Been over a year since my last sausage fatty and I've been craving one again. So here goes.

The fillings






Also Hashbrown potatoes that are not shown.
Used a 2.5 gal ziplock.  3lbs sausage flattened out with rolling pin. Had to cut the sides as to not mess it up. Tuff bag wouldn't tear right.





Next the cheese, back bacon and breakfast sausage.





Next the eggs and hashbrown potatoes.





Next task. Rolled up.





Let this sit in the fridge over night and then in the morning I did the bacon weave and wrapped it.










Put it in my MES40 at 250 and using apple pellets.
Pulled at 170.





Couple different shots.















And now the plate. The gravy is homemade.  The sausage wasn't too hot. Just right for us. I would use it again.





Wasn't too heavy on the smoke flavor.  The flavors blended well with each other.  I hope everyone is enjoying the pictures.


----------



## browneyesvictim (Nov 3, 2017)

Just in time! I just ground and mixed 5 lbs of Jimmy Dean and 5lbs of Italian... I was deciding on stuffed and wrapped meatballs or making a couple of fatties! Thanks for the inspiration! I like it a lot!


----------



## pc farmer (Nov 3, 2017)

That looks perfect.  Very nice


----------



## Rings Я Us (Nov 3, 2017)

Missed this.. how very cool!

That looks almost meatloaf size.. lol 
Good stuff!


----------



## lovethemeats (Nov 3, 2017)

Thanks everyone. I was hoping it would go over well.


----------



## Rings Я Us (Nov 3, 2017)

I like the egg. that's a good idea. you cooked them a little under first?


----------



## griz400 (Nov 4, 2017)

very nice fattie there .. p:cool:ints to you as well ..


----------



## SmokinAl (Nov 4, 2017)

WOO HOO!
That looks fantastic!
Great job!
Al


----------



## ab canuck (Nov 4, 2017)

That is a great looking fatty. Nice bacon weave and I like the egg part as well. Point.....


----------



## lovethemeats (Nov 4, 2017)

Rings Я Us said:


> I like the egg. that's a good idea. you cooked them a little under first?

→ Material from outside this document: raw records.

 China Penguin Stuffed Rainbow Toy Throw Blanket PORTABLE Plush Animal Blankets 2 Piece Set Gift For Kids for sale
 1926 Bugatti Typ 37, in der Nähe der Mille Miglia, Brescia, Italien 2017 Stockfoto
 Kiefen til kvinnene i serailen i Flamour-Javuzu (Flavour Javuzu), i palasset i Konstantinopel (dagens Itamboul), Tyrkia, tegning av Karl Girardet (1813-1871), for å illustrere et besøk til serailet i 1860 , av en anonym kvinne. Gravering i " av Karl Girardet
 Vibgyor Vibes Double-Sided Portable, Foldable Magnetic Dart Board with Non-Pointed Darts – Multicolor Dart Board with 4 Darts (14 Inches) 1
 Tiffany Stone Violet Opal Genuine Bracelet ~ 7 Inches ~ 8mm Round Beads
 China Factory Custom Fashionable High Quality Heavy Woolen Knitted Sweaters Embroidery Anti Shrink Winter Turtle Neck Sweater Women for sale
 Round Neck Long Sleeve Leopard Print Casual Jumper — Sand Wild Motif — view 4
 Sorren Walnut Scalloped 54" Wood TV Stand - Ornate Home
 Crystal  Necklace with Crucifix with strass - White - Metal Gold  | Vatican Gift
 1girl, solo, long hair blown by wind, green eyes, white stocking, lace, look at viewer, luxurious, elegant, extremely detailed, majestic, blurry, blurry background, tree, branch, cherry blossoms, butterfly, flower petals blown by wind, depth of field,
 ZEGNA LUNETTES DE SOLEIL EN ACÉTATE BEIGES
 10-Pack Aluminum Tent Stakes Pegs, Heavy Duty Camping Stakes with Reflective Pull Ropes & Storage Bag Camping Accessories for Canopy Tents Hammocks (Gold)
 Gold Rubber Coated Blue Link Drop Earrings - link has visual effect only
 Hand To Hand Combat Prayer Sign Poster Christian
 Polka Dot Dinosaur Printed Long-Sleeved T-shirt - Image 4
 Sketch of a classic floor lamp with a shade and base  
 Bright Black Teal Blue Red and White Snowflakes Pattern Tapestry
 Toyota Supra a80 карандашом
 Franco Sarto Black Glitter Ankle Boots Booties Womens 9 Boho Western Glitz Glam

I tried doing soft boiled but the fresh eggs were hard peeling and some never made it out of the shell. My friend that gave me them said I should have let them go a week before using like that. Them were only 2 days old from the chickens that laid them. So the ones I didn't manage to destroy I cooked till hardboiled instead.


----------



## lovethemeats (Nov 4, 2017)

This was I did for brunch on Saturday.


----------



## dirtsailor2003 (Nov 6, 2017)

Nice looking fatty! Certainly can tell these are farm fresh eggs!


----------



## troutman (Nov 6, 2017)

Love the cut through the eggs, man that's a great presentation !!!  POINT


----------



## forvols (Feb 23, 2018)

Wow..but I need a nap after just looking at the pictures..man bet that was tastey.


----------



## Rings Я Us (Feb 23, 2018)

lovethemeats said:


> This was I did for brunch on Saturday.
> 
> 
> 
> ...



I was going to say, my girl in Germany's mom made a kind of meatloaf with hardboiled egg in it.  Sometimes it done as tradition and the egg slice pieces are good luck. Lol 
Generally though Germans don't use beef ground as much as we do in the US


----------



## Rings Я Us (Feb 23, 2018)

Oh.. I forgot you live right by me. :D


----------



## lovethemeats (Feb 23, 2018)

Rings Я Us said:


> Oh.. I forgot you live right by me. :D



Thats right. I'll be waiting by the gate. Bring your pizza to gain entrance. :)


----------